What makes this series unique prior to the advent of computer animation was the way the mouth movements of the animals, specifically the ducks, with the precise dialog dubbed in gives the appearance of the animals speaking. The principal duckling was voiced-over by Dan Castellaneta, using a terse, clipped style parodying The Untouchables Robert Stack. The first season aired in 1991 on Fox Kids. The shorts aired once a week during the Fox Kids' Saturday morning line-up in between the half-hour programs. Where it appeared on the schedule wasn't announced and aired at inconsistent times. Even the promo for the series narrated by Dynamo says "Saturday mornings on FOX", but no specific time ever revealed. For fans to follow and collect the series, it was often necessary to record the entire morning line-up so as not to miss it. At the end of every show, Dynamo Duck said "We take care of our animals, and so should you!". The second season of Dynamo Duck is widely regarded as vastly inferior to the first that relied more heavily on reuse of footage, and recycled storylines. Dynamo's voice-over was modified in a manner similar to Don Adams' Get Smart role of Maxwell Smart. There are over 100 shorts in the series.
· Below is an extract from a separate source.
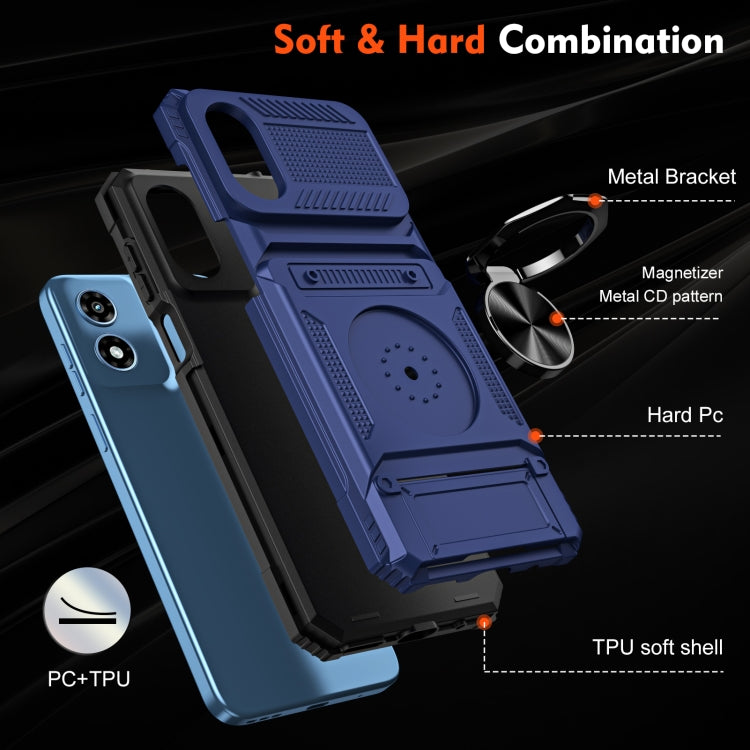 For Motorola Moto G Play 4G 2024 TPU+PC Shockproof Card Slot Phone Case with Metal Ring Holder(Blue) by buy2fix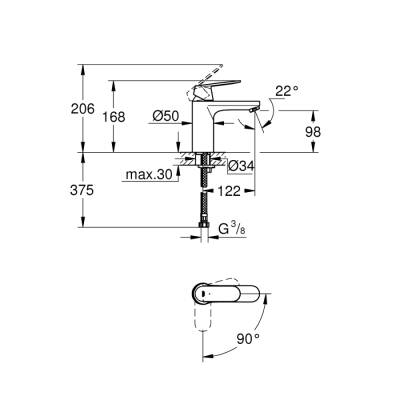 Grohe Eurocosmo Tek Kumandalı Lavabo Bataryası M-Boyut - 2339800E - GROHE (1)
Later, in the mid-1990s, the series had a brief afterlife airing overnights on the now defunct Network One (N1). The episodes were five minutes in length, including end credits. Many of which were expansions of their two-minute counterparts from Fox Kids. Some combined two two-minute shorts to make a five-minute double episode with bridges either at the beginning, middle or end of each story, or a combination thereof. Due to the limited number of indie and low-powered stations that carried Network One, the series aired nearly unnoticed except by night owls.

The scoring was provided by a number of composers often multiple people on the same shorts, including:
Thomas Chase,
Steve Rucker,
Nathan Sassover,
Paul Menichini,
Misho Segal,
Peter Frampton,
et al.

== The characters and their roles ==
Dynamo Duck is the top secret agent of D.U.X., which stands for Dynamic Undercover Excellence. Dynamo's nemesis, Dr. Mortek, is the leader of S.K.U.Z., which is Sleazy Killers, Usurpers, and Zealots. It was also referred to as the Society of Killers, Usurpers and Zealots. Many other crime and espionage organizations were known by their acronyms. Such as H.O.A.X. (the Horrible Organization Against Excellence), S.N.O.B. (the Secret Nefarious Order of Blowhards), Y.A.H.O.O. (Yokels Against Happiness, Optimism and Order), G.O.O.F.U.S. (Goons On the Orders to Foul Up Society), T.O.X.I.C. (Totally Obnoxious, Extremely Insidious Criminals), W.H.O.M. (Wiley Horrendous Obnoxious Maniacs), L.U.S.H. (Low, Underhanded Sot-faced Hitmen), and S.N.O.R.E. (Slumbering Nemesis Of Righteousness Everywhere). The Loonies are a religious cult living like medieval knights. Loonies is not an acronym. Many of the agents working for these organizations were, but not limited to, weasels.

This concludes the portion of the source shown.